# Berkley Powerbait for crappies???



## weezer71 (Jul 18, 2010)

Has anyone tried the Berkley Powerbait for crappies?? I used it for the first time yesterday and had no luck at all :x Any feedback on this would be great, so I'll know if I should keep trying it or go back to the trusty beemoth. Thanks!

Scott P.
Huntington, IN
(weezer71)


----------



## Quackrstackr (Jul 18, 2010)

Which powerbait were you using?

I use the crappie nibbles to tip my tube jigs. They catch probably 4 to 1 more fish that way for me in the spring.


----------



## weezer71 (Jul 18, 2010)

I was using the same thing. Tried different colors of tube jigs also. Thanks for the input! Just must've been one of those days :x I'll try giving the crappie nibbles another shot [-o<


----------



## Quackrstackr (Jul 18, 2010)

I do a lot of spider rigging so I get to play around with multiple colors at the same time and also scent vs no scent.

I have made believers out of several people fishing with me that thought the nibbles would make no difference whatsoever. I've had days that I could have sold a jar of nibbles for 5 times what they cost me. :lol:


----------



## Mattman (Jul 19, 2010)

I use tubes and minnows on a regular basis. The minnows are my go-to bait.


----------



## weezer71 (Jul 22, 2010)

Went out again with these on Monday...no luck again :x I'll give 'em one more try [-o< If no luck then, it's back to live bait!!!


----------



## Quackrstackr (Jul 22, 2010)

I don't know about where you are fishing, but around here catching crappie on anything in July is a pretty tall order.


----------



## fender66 (Jul 22, 2010)

Quackrstackr said:


> I don't know about where you are fishing, but around here catching crappie on anything in July is a pretty tall order.

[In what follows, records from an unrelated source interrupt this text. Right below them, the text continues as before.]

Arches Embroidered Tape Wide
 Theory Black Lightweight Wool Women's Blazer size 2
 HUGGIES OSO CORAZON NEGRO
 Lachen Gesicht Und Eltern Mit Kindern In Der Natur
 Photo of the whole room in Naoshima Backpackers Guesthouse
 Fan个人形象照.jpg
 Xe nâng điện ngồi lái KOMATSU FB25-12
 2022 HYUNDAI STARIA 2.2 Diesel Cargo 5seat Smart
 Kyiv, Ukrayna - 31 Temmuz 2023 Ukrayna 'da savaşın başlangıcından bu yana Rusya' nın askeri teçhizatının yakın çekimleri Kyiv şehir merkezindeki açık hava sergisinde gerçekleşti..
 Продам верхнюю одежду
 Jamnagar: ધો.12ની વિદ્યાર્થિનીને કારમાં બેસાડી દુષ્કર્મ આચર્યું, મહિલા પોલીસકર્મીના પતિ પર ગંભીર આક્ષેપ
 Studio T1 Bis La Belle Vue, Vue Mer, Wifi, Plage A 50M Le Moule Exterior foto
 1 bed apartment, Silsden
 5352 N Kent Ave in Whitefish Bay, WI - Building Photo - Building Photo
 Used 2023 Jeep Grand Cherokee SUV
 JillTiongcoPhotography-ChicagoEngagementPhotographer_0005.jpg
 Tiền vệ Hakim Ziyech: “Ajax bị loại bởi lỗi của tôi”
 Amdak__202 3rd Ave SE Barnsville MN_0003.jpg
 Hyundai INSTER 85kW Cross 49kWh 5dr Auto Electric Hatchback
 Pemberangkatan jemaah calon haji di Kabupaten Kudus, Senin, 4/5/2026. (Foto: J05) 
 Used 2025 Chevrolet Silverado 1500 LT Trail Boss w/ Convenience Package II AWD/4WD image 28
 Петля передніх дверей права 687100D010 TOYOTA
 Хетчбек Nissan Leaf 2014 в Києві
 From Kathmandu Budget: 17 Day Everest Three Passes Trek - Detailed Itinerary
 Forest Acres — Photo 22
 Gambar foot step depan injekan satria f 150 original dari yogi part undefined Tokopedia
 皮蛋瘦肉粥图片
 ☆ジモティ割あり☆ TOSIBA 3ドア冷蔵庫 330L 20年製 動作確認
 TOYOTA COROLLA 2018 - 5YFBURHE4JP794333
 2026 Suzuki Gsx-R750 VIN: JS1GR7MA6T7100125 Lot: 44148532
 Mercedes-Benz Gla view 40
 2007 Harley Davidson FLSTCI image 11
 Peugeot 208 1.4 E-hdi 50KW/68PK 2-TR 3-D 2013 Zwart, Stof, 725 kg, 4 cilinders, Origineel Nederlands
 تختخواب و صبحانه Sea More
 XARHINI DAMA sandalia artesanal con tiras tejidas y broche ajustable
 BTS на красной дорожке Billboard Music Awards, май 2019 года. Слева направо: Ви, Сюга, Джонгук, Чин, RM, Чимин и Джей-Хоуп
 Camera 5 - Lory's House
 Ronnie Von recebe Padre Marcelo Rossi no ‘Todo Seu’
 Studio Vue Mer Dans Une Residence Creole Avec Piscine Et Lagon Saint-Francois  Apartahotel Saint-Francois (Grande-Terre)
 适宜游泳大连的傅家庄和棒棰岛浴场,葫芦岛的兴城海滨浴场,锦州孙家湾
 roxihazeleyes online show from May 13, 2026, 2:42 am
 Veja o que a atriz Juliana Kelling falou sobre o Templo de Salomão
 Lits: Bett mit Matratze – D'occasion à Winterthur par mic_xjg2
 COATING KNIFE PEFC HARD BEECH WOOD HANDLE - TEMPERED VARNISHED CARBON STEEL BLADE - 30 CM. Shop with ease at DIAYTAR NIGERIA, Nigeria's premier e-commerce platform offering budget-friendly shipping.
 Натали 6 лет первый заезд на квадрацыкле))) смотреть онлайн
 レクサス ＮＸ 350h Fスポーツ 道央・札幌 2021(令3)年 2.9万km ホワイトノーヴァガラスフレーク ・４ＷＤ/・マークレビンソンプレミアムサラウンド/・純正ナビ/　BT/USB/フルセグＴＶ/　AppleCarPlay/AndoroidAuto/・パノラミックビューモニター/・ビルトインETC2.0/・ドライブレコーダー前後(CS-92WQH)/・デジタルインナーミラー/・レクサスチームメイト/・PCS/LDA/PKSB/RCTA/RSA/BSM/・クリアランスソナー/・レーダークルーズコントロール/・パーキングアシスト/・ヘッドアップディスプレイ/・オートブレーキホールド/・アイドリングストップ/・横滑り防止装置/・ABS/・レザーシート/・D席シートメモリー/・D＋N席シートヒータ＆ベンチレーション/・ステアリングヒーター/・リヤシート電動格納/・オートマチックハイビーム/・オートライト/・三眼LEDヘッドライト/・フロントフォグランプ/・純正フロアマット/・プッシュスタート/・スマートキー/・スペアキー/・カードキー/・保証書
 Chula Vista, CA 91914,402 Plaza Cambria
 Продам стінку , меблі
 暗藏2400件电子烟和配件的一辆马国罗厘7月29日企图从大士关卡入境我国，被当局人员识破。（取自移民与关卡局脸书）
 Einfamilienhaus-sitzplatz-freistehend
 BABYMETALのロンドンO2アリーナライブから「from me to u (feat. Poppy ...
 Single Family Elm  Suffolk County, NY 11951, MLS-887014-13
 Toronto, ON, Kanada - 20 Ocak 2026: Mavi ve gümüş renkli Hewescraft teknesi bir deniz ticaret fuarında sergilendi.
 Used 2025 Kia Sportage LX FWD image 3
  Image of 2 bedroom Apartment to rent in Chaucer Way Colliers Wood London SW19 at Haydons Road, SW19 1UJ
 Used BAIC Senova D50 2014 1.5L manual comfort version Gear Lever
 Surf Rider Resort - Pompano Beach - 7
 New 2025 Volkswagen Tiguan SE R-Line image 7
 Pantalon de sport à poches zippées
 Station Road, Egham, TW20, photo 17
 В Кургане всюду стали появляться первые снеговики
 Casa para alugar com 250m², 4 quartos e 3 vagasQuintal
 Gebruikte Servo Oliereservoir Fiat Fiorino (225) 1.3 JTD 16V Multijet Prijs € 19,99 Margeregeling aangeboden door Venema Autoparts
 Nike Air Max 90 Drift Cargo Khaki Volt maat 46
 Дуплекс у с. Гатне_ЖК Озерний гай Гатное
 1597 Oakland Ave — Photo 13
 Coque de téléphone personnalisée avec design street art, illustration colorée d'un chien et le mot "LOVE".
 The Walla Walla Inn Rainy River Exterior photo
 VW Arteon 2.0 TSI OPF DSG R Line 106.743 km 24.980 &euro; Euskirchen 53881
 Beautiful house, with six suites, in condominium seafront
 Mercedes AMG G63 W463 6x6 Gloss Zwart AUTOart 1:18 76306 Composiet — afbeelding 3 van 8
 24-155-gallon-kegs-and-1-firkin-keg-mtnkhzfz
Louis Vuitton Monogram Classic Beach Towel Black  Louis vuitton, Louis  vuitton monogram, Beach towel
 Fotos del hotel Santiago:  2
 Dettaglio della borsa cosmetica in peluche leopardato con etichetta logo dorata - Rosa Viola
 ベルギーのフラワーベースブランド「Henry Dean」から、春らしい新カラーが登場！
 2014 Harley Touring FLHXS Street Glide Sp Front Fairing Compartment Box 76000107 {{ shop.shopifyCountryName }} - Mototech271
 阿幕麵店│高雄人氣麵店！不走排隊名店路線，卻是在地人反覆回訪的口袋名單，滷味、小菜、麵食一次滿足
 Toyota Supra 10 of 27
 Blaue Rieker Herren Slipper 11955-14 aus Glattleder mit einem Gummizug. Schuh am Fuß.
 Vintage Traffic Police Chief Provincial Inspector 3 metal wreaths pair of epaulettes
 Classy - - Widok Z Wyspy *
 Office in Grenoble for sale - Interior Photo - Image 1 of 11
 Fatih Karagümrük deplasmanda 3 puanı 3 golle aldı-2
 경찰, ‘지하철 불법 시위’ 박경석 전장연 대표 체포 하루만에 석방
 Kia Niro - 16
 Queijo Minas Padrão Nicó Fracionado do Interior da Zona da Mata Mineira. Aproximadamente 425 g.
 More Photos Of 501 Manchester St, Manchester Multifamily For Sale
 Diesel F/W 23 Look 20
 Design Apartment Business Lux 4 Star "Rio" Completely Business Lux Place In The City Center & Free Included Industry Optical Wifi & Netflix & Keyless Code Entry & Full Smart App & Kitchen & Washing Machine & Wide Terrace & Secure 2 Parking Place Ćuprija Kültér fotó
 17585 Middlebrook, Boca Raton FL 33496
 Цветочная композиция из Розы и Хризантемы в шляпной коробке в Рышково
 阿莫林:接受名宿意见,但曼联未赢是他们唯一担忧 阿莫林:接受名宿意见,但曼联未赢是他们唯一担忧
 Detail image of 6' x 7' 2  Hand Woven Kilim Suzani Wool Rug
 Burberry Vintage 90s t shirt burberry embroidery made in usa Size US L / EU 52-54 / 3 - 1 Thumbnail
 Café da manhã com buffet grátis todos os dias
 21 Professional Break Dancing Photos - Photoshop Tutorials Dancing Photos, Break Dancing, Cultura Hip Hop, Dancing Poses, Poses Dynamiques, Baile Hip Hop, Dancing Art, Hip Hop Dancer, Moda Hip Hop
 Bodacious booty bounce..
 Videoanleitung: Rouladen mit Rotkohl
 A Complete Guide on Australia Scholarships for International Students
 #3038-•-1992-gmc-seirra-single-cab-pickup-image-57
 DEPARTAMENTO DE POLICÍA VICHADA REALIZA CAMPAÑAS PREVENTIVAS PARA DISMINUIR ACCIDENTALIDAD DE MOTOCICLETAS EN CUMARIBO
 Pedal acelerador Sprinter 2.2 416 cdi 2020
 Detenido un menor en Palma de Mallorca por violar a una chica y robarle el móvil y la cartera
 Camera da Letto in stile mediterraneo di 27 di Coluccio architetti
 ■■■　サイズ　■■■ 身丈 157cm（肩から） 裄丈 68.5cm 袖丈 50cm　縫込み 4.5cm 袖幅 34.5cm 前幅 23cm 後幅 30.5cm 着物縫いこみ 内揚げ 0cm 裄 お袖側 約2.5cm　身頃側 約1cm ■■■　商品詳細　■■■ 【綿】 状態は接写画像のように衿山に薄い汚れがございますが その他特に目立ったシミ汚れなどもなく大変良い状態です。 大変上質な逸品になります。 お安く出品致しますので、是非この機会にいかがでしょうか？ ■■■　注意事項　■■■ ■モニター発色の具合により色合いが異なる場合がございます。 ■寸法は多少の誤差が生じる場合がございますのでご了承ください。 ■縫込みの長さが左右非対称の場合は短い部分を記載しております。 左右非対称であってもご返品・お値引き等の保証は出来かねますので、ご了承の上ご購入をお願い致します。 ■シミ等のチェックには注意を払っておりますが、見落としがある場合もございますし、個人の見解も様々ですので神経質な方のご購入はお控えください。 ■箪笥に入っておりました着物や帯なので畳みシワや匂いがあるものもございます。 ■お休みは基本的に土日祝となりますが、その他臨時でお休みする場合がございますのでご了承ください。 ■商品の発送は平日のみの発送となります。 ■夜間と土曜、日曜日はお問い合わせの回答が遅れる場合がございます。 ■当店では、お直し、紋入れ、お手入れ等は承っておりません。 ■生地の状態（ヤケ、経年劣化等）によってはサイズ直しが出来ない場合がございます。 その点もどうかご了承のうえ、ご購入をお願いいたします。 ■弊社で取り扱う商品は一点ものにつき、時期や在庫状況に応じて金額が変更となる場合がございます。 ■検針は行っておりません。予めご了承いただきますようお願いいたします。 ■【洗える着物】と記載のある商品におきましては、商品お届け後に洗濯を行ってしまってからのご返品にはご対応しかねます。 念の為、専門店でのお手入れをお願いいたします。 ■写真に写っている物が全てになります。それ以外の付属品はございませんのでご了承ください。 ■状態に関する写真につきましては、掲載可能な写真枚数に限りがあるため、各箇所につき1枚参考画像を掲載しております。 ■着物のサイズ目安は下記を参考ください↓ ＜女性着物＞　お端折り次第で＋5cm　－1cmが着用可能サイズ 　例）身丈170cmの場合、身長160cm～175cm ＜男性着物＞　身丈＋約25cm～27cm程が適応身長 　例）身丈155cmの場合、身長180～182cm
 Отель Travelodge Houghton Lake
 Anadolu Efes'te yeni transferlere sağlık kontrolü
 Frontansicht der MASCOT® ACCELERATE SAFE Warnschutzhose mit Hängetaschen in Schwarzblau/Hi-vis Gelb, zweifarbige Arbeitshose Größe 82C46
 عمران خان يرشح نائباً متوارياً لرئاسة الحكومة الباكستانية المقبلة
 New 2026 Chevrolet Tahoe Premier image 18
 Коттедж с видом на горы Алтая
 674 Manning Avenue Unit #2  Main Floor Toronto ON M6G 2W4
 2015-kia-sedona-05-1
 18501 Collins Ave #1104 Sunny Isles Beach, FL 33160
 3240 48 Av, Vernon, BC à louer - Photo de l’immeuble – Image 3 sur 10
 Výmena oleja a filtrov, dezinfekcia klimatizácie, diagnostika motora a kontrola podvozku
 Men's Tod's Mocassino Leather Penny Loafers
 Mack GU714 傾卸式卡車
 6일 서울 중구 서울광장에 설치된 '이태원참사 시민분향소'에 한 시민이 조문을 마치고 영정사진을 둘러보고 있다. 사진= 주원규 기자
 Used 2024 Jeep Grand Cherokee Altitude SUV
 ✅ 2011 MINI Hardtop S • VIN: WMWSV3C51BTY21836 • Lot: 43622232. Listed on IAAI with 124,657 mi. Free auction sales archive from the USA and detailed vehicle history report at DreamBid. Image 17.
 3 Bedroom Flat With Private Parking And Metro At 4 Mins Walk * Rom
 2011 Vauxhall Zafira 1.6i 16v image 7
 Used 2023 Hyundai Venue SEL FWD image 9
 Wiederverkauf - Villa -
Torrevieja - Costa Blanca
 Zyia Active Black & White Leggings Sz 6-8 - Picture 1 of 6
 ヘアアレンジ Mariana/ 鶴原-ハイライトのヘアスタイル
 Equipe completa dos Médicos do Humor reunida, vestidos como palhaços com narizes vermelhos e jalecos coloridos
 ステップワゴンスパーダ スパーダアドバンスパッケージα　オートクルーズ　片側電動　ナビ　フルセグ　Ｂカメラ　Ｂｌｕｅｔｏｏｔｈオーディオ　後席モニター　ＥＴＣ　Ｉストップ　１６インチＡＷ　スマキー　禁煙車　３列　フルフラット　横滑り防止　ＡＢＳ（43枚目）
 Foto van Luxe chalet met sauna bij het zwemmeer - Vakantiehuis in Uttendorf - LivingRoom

+1 for St. Louis area. Went out last night and the water temps were anywhere from 86 to 95 degrees in the lake I was in (but it had just rained too). Last week, the temps were a constant 95 everywhere in the lake.


----------



## weezer71 (Jul 27, 2010)

You guys are probably right. I think the time of day that I've went out (even though I was fishing deeper) probaby hasn't helped. I should get a temp sensor for the new fishfinder, but not too worried about it right now. Might just have to wait until fall for some serious crappie fun.


----------



## weezer71 (Sep 5, 2010)

Well, I've decided that the crappie fishing in the summer IS NOT very productive since the water temp is higher. Since the temps have cooled down around here (not in the 90's or high 80's), I am now happy to say that using the Powerbait Crappie Nibbles is worth the money!!! I've used them at the reservoir and a great pond (that I didn't know was stocked with crappie until now) and had great success =D> The *smallest* one I've caught from the pond so far was 9 1/2". Not to shabby in my opinion. Thanks again for the feedback on this


----------